Consider **minimizing** the function $f(x)$ constraint to $g(x) \ge 0$. The critical points $x_0$ are such that:

* $\nabla f(x_0) = \lambda \nabla g(x_0)$ with $\lambda \ge 0$
* $\lambda \ne 0$ if and only if $g(x_0) = 0$

We can therefore create a function $\mathcal{L}$ for Lagrangian, that combines $f$ and $g$ such that its critical points encapsulate the optimization objective:

&emsp; $\boxed{\mathcal{L}(x,\lambda) = f(x) - \lambda g(x)}$ with $\lambda \ge 0$

<br>

### General case (multiple constraints of different types)

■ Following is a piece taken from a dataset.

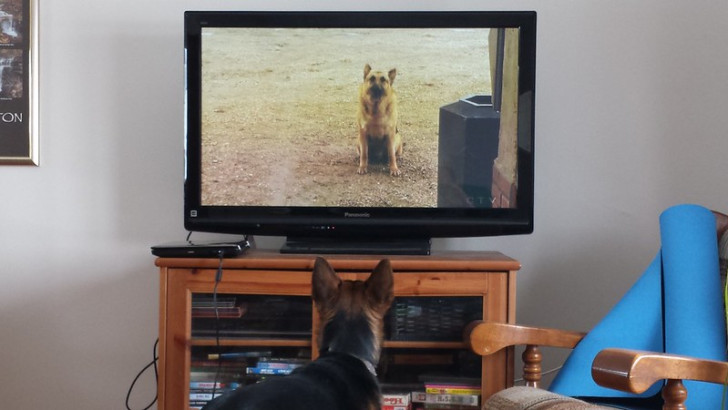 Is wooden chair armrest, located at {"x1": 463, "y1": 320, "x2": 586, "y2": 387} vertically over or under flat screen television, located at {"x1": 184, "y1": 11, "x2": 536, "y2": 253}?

To **maximize** the function $f(x)$ subject to the constraints $g_i(x) = 0$ and $h_j(x) \ge 0$, find the critical points of the Lagrangian:

&emsp; $\mathcal{L}(x,\lambda,\mu) = f(x) + \sum_i \lambda_i g_i(x) + \sum_i \mu_i h_i(x)$
&emsp; with
&emsp; $\lambda_i \ne 0$
&emsp; and
&emsp; $\mu_j \ge 0$

To **minimize** the function $f(x)$ subject to the constraints $g_i(x) = 0$ and $h_j(x) \ge 0$, find the critical points of the Lagrangian:

&emsp; $\mathcal{L}(x,\lambda,\mu) = f(x) - \sum_i \lambda_i g_i(x) - \sum_i \mu_i h_i(x)$
&emsp; with
&emsp; $\lambda_i \ne 0$
&emsp; and
&emsp; $\mu_j \ge 0$

**The simple mnemonic is + for maximization and - for minimization** and make the constraints on the factors positive when dealing with inequality constraints.